WORK REQUIRED: When you copy the data that follows, reproduce every word exactly and leave out the images.

EXERCISE DATA: Begin

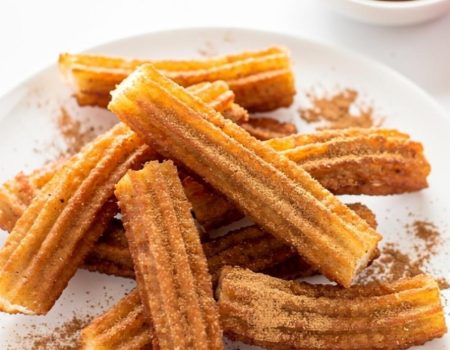 Golden homemade churros arranged on a white ceramic plate dusted with cinnamon sugar, with a small bowl of chocolate dipping sauce on a white table.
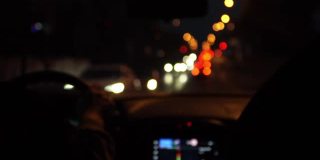 在大夜间城市的道路从驾驶汽车内的观点。从正面窗口看到的模糊的汽车前灯。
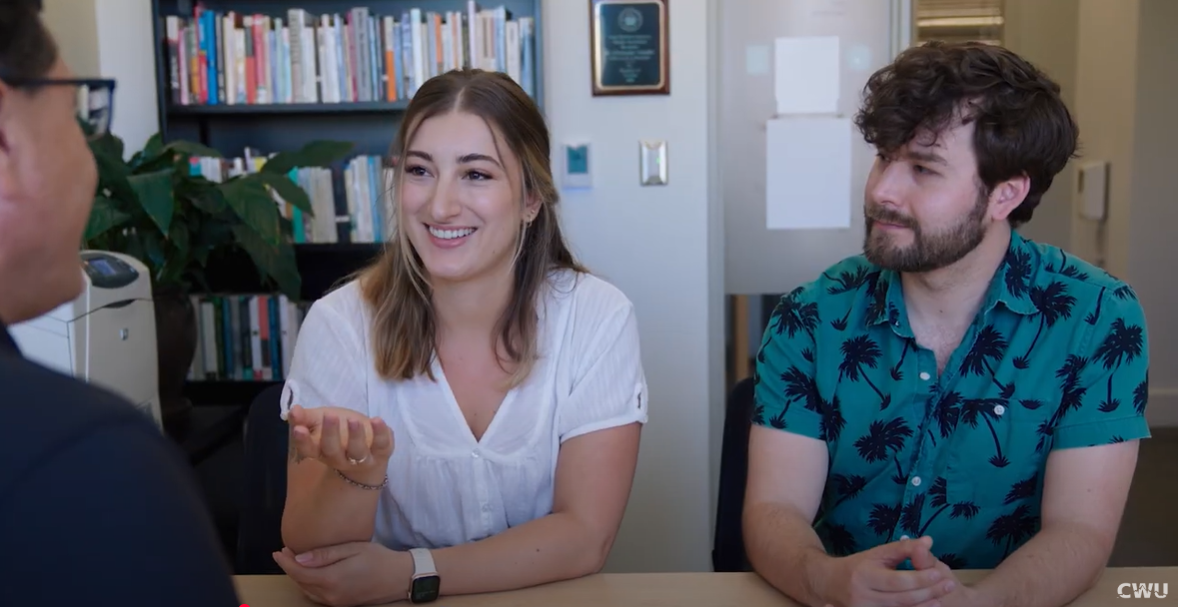 two students talking to a professor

EXERCISE DATA: End

ANSWER TO THIS PROBLEM:
 Golden homemade churros arranged on a white ceramic plate dusted with cinnamon sugar, with a small bowl of chocolate dipping sauce on a white table.
 在大夜间城市的道路从驾驶汽车内的观点。从正面窗口看到的模糊的汽车前灯。
 two students talking to a professor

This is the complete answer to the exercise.